*** DATA EXTRACT ***

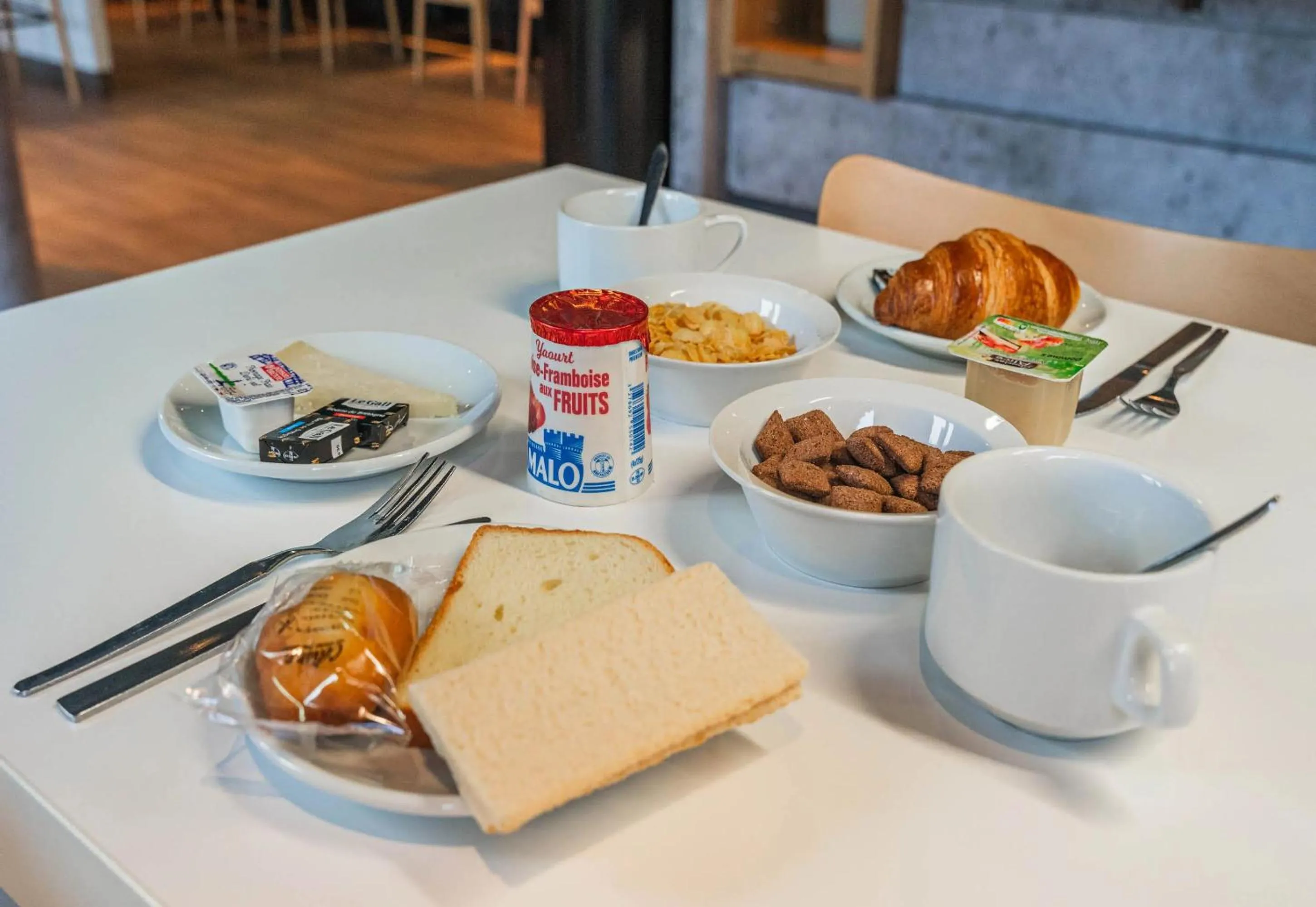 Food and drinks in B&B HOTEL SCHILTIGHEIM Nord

*** End of DATA EXTRACT ***
*** DATA EXTRACT ***

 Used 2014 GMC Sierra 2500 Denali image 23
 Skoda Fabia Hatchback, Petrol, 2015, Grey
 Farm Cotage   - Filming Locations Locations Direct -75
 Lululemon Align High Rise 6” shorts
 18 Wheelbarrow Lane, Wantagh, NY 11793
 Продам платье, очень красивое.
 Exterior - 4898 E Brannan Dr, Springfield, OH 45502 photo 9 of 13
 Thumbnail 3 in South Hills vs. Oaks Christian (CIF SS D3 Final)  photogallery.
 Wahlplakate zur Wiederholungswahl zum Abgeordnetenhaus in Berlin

*** End of DATA EXTRACT ***

DESCRIPTION OF THE TASK – Copy the records above exactly, beginning at the line that contains "Exterior - 4898" and stopping after the line that contains "Wahlplakate zur Wiederholungswahl".

EXPECTED OUTPUT –
 Exterior - 4898 E Brannan Dr, Springfield, OH 45502 photo 9 of 13
 Thumbnail 3 in South Hills vs. Oaks Christian (CIF SS D3 Final)  photogallery.
 Wahlplakate zur Wiederholungswahl zum Abgeordnetenhaus in Berlin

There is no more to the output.